# Web Application for an ETF Analyzer

In this Project, we build a financial database and web application using SQL, Python, and the Voilà library to analyze the performance of a hypothetical FinTech ETF. This notebook is used for the analysis of a fintech ETF that consists of four stocks: GDOT, GS, PYPL, and SQ. Each stock has its own table in the `etf.db` database. 
(GDOT: Green Dot Corporation, GS: Goldman Sacks, PYPL: Paypal Holdings, SQ: Block)

We analyze the daily returns of the ETF stocks both individually and as a whole.

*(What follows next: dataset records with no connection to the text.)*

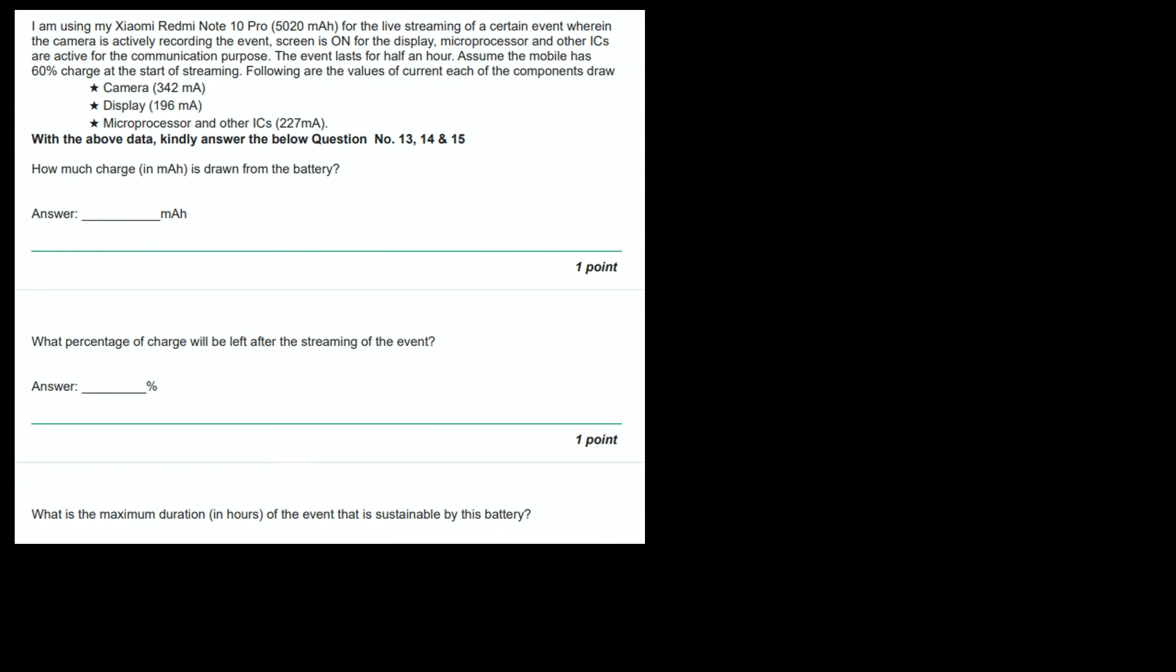Next question. I'm using my Xiaomi Redmi Note 10 Pro with capacity 5020 mAh. For live streaming of a certain event wherein camera is actively recording the event, screen is on for display, microprocessor and other ICs are active for communication. The event lasts for half an hour. Assuming the mobile has 60% charge at the start. Following are the current values: Camera 342 mA, display 196 mA, microprocessor and other ICs 227 mA. How much charge in mAh is drawn from the battery?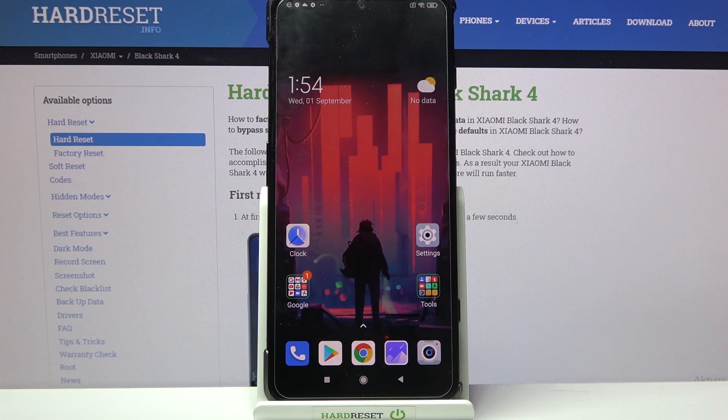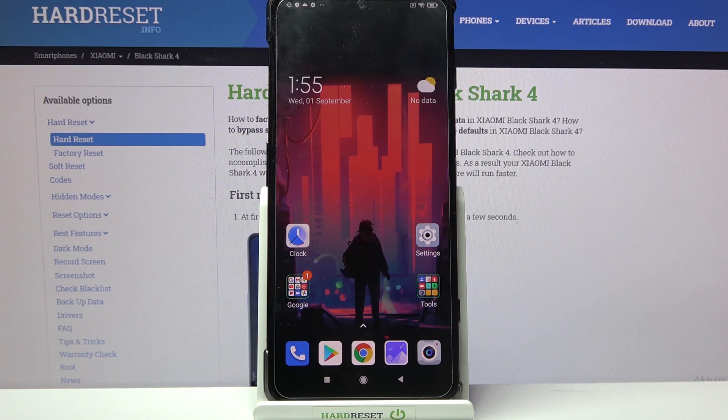Hi, in front of me is the Xiaomi Black Shark 4, and today I would like to show you how you can use pop-up view on this Xiaomi.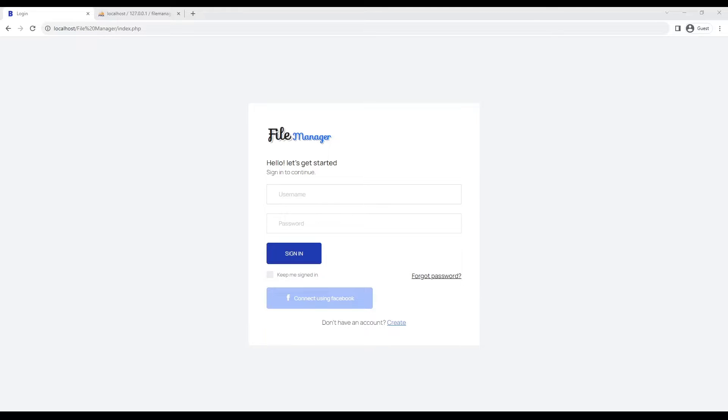Hello guys, welcome to our channel. This is a file management system which can be used to share and manage your documents online.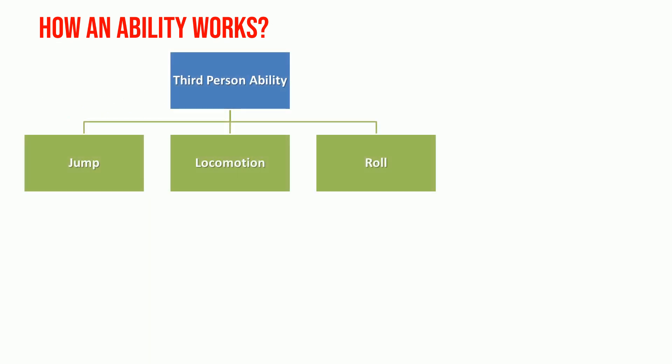All abilities must inherit from third-person ability class. All abilities have a parameter called abilities to ignore. Also have unity events for enter ability and exit ability.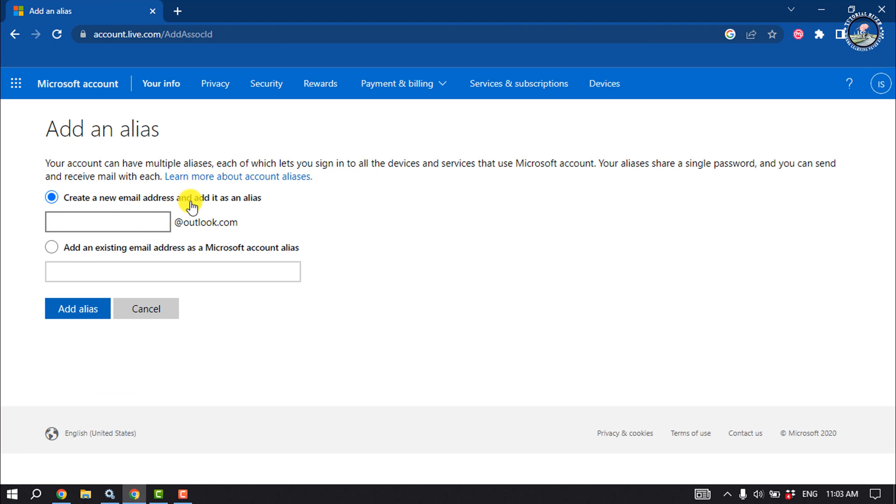You can create a new email address and add it as an alias, or you can add an existing email address as a Microsoft account alias. So I'm going to select the first one and give my new email address.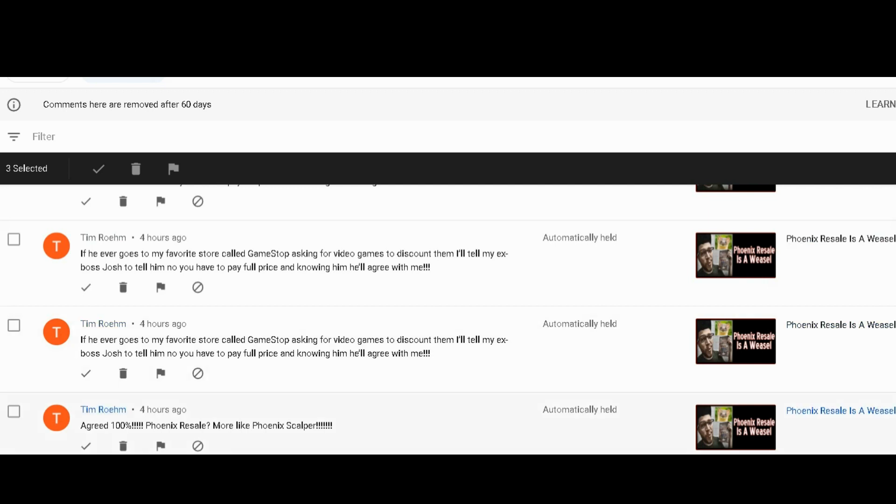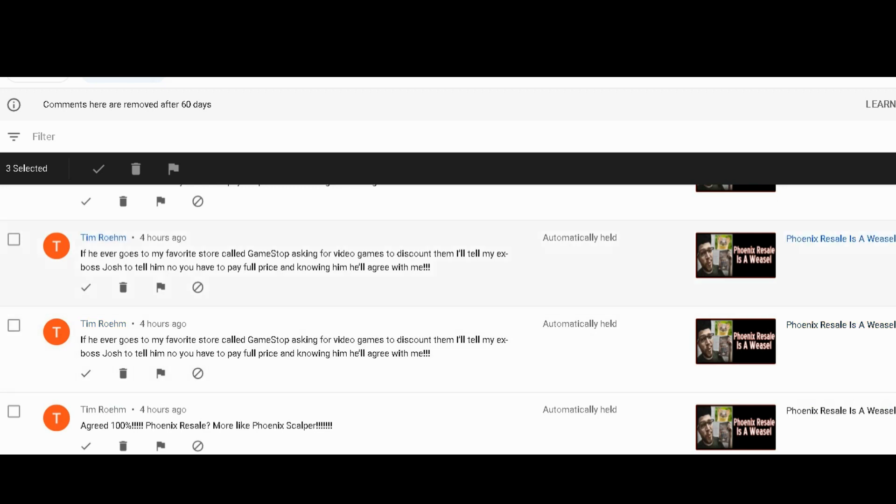Now, you see here, Tim's got some comments. He feels passionate about my Phoenix Resale is a Weasel upload, and he said 'I agree 100%, Phoenix Resale more like Phoenix Scalper.' And then he has this other comment here. Nothing wrong with these comments, you know, if you agreed or disagreed with me there's nothing wrong with that. Tim Roemer said if he ever goes to my favorite store called GameStop asking for video games to discount them, I'll tell my ex-boss Josh to tell him no, you have to pay full price, knowing him he'll agree with me. He's very, very passionate about this, right? Notice the exclamation marks.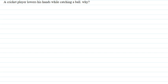Hello student, I am your teacher for this question. The question says: a cricket player lowers his hand while catching a ball — why?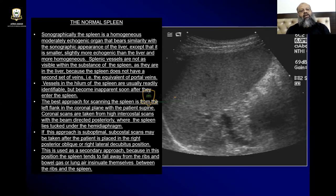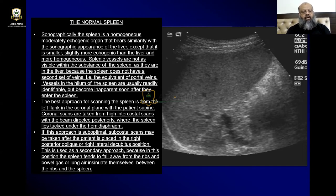Vessels in the hilum of the spleen are usually readily identifiable because there are not many — just the splenic artery and vein — but they become inapparent soon after they enter the spleen.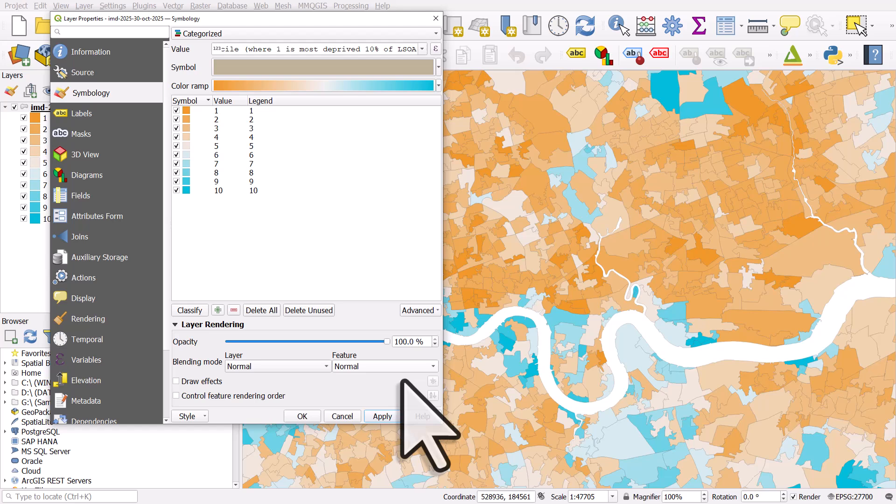You might find when you export things, they look thicker than they did in the map. So on your screen, if you find 0.1 thickness, it looks quite good. Sometimes when you export it at high resolution, those lines will look quite thick. So just experiment with line thickness, but this is one simple way to quickly make your maps look a lot clearer.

Then deploy the visualizations to a web application by using the Voilà library. The detailed instructions are divided into the following parts:

* Analyze a single asset in the ETF

* Optimize data access with Advanced SQL queries

* Analyze the ETF portfolio

* Create a new database where to store the data of the ETF returns equally weighted.The idea is to not to alter the original.

* Deploy the notebook as a web application


## Imports of the required libraries, initiation of the SQLite database, population of the database with records from the `etf.db` seed file that is included in the repository, creates the database engine, and confirms that data tables that it now contains.

In [None]:
# Importing the required libraries and dependencies
import numpy as np
import pandas as pd
import hvplot.pandas
import sqlalchemy
import datetime
from datetime import date, datetime
from sqlalchemy import inspect

# Create a temporary SQLite database and populate the database with content from the etf.db seed file
database_connection_string = 'sqlite:///etf.db'

# Create an engine to interact with the SQLite database
engine = sqlalchemy.create_engine(database_connection_string)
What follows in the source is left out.